Data for this task:

════════════════════

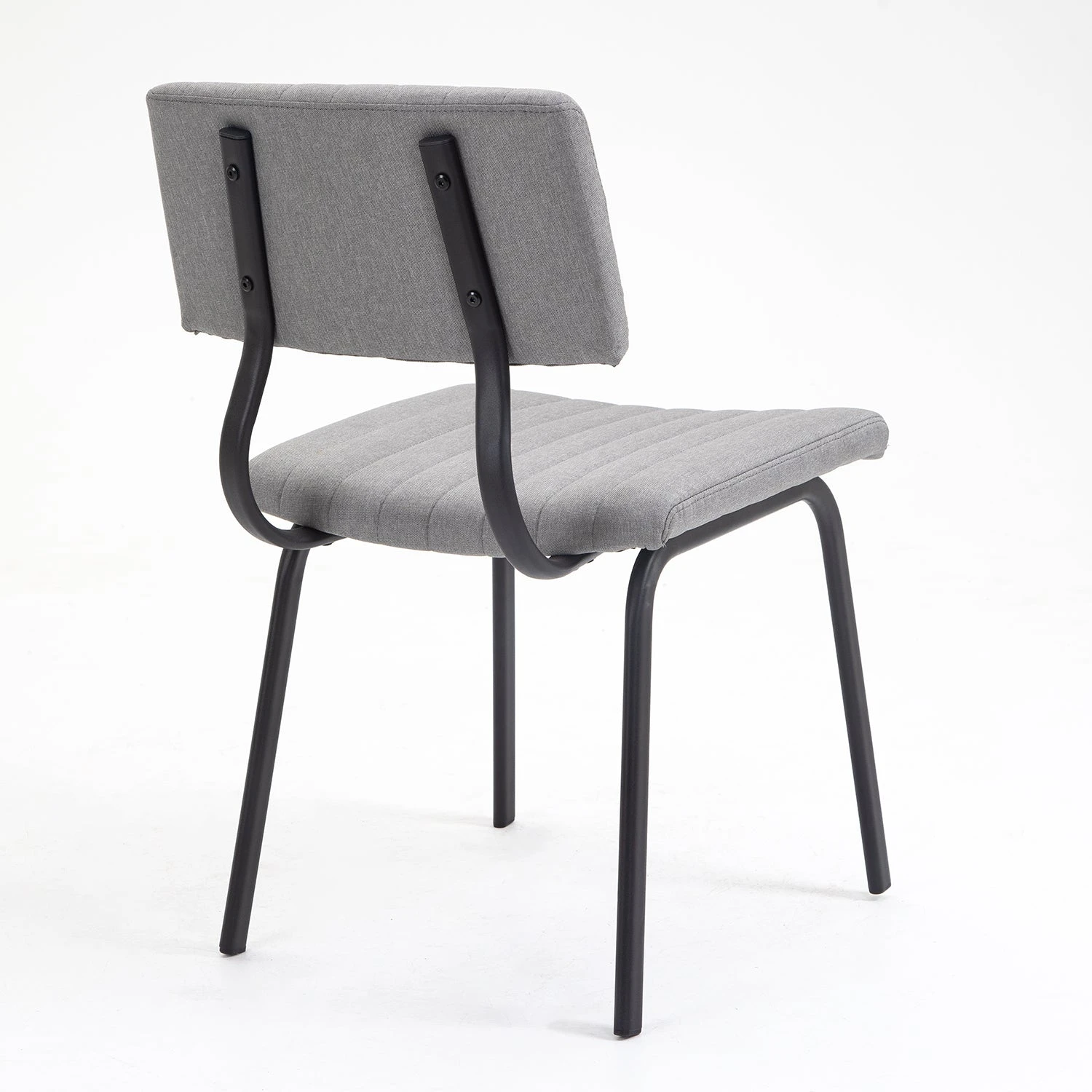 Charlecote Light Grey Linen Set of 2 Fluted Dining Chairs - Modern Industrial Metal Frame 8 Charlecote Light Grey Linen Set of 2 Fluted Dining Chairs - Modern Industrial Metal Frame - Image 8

════════════════════

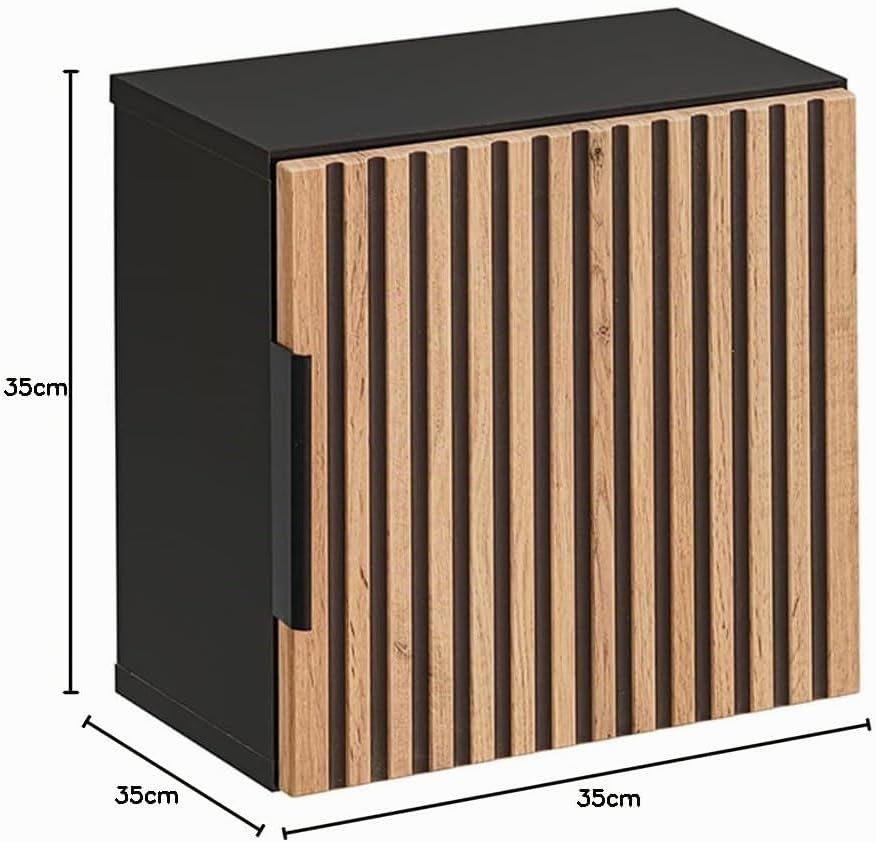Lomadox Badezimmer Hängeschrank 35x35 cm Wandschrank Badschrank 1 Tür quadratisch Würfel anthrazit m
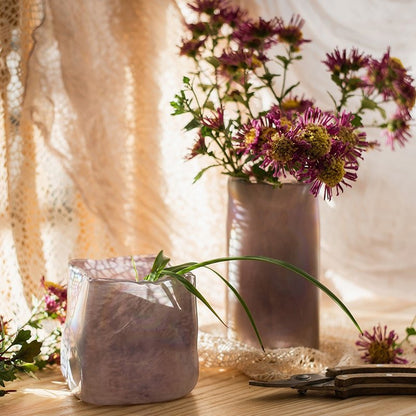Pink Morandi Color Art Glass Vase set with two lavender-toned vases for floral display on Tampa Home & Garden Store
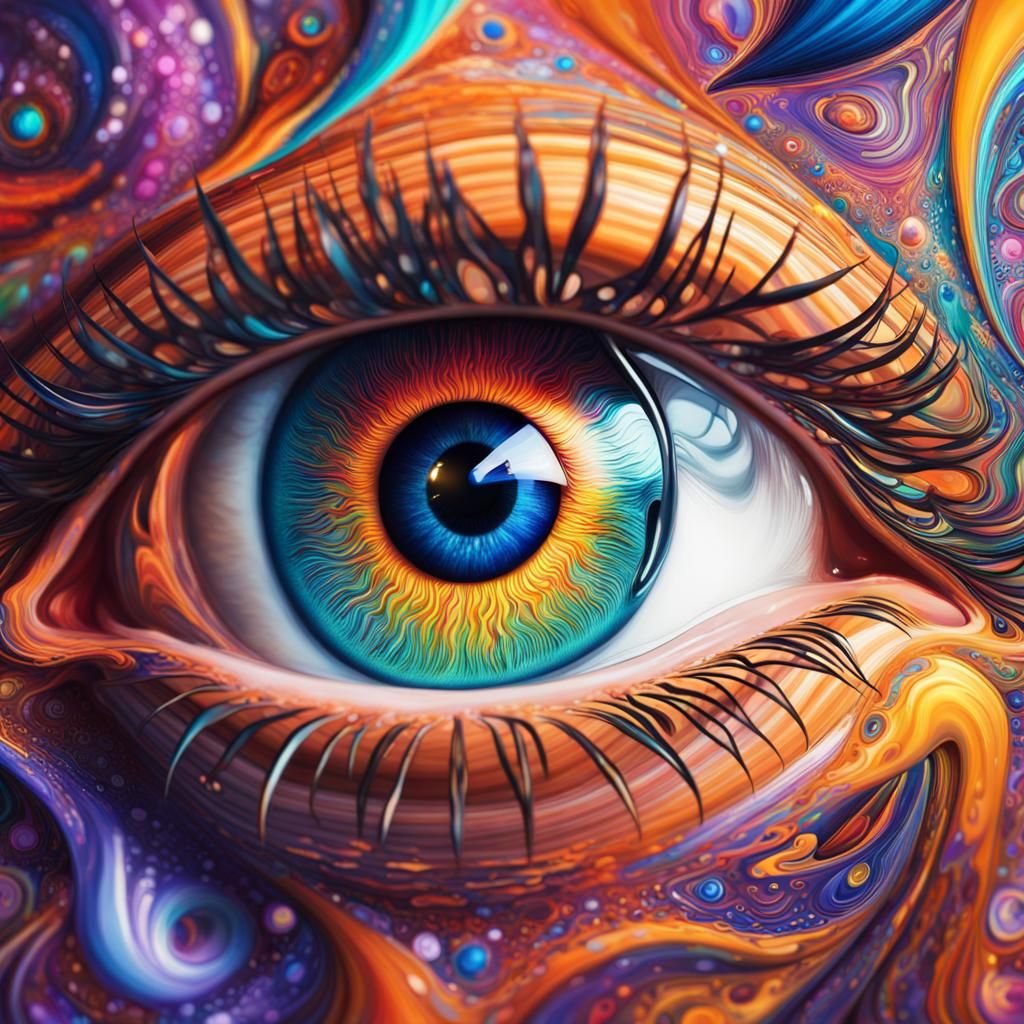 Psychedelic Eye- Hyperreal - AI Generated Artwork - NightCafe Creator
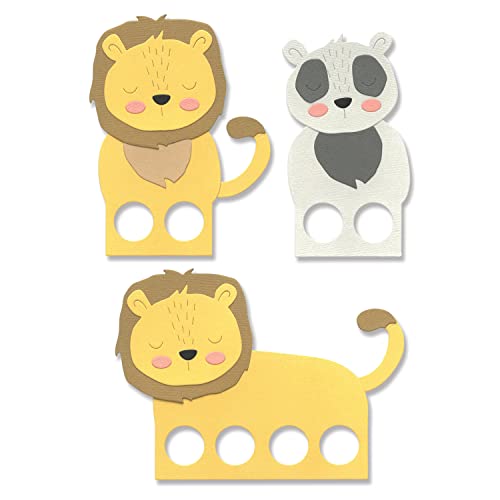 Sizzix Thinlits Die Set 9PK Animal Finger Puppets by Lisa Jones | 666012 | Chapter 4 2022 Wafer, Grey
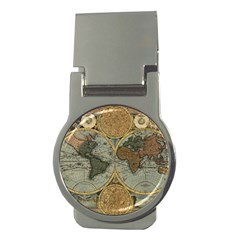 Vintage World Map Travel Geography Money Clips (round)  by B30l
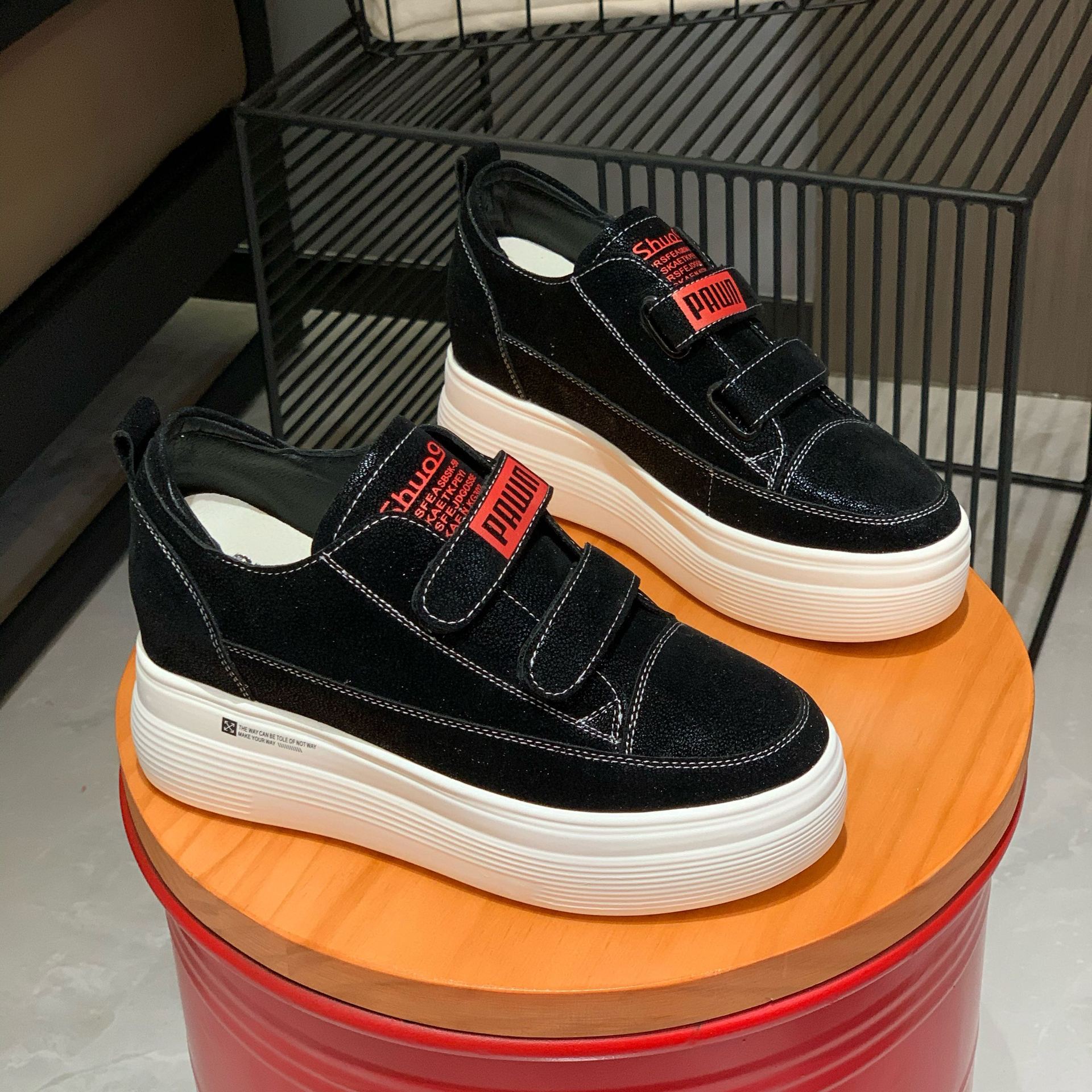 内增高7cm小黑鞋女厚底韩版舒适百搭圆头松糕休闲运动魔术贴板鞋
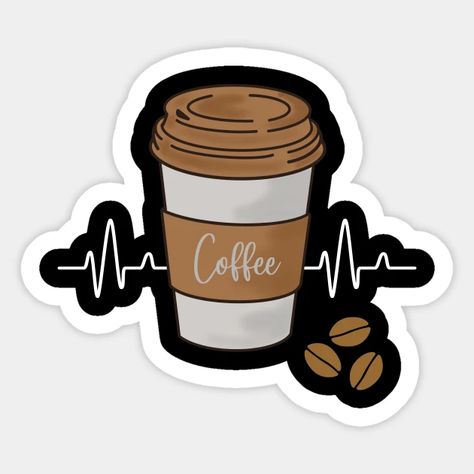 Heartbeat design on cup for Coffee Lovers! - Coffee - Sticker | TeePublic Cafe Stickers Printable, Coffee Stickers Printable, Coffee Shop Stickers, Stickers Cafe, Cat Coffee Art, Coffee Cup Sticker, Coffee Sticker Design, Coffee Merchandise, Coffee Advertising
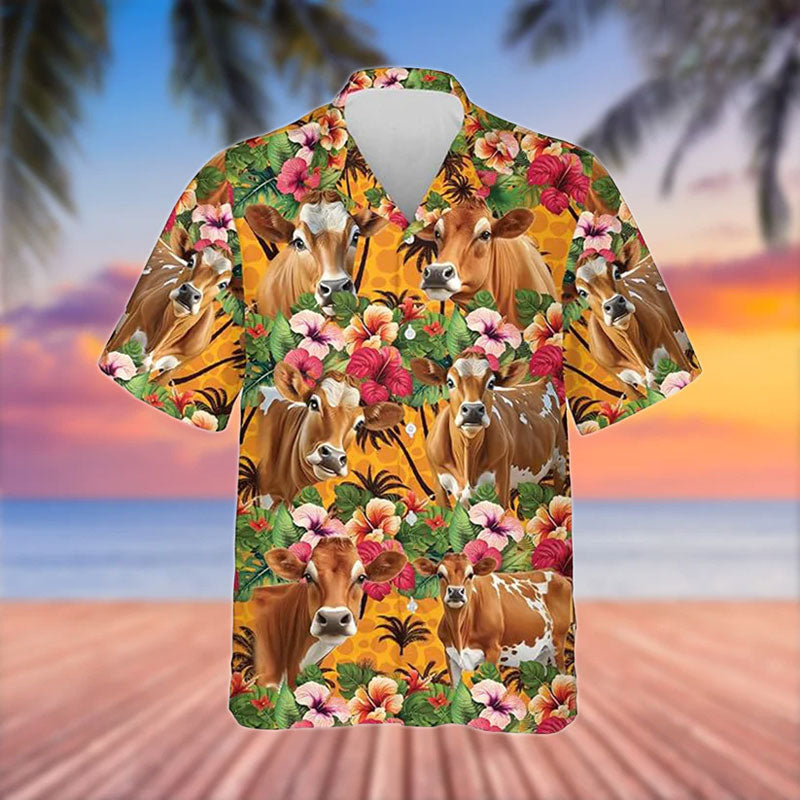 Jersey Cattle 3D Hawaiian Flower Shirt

════════════════════

Your instructions: Write out again exactly the lines above from the one with "Lomadox Badezimmer Hängeschrank" through the one with "Jersey Cattle 3D Hawaiian Flower Shirt", adding no other lines and no pictures.

Response area:
Lomadox Badezimmer Hängeschrank 35x35 cm Wandschrank Badschrank 1 Tür quadratisch Würfel anthrazit m
Pink Morandi Color Art Glass Vase set with two lavender-toned vases for floral display on Tampa Home & Garden Store
 Psychedelic Eye- Hyperreal - AI Generated Artwork - NightCafe Creator
 Sizzix Thinlits Die Set 9PK Animal Finger Puppets by Lisa Jones | 666012 | Chapter 4 2022 Wafer, Grey
 Vintage World Map Travel Geography Money Clips (round)  by B30l
 内增高7cm小黑鞋女厚底韩版舒适百搭圆头松糕休闲运动魔术贴板鞋
 Heartbeat design on cup for Coffee Lovers! - Coffee - Sticker | TeePublic Cafe Stickers Printable, Coffee Stickers Printable, Coffee Shop Stickers, Stickers Cafe, Cat Coffee Art, Coffee Cup Sticker, Coffee Sticker Design, Coffee Merchandise, Coffee Advertising
 Jersey Cattle 3D Hawaiian Flower Shirt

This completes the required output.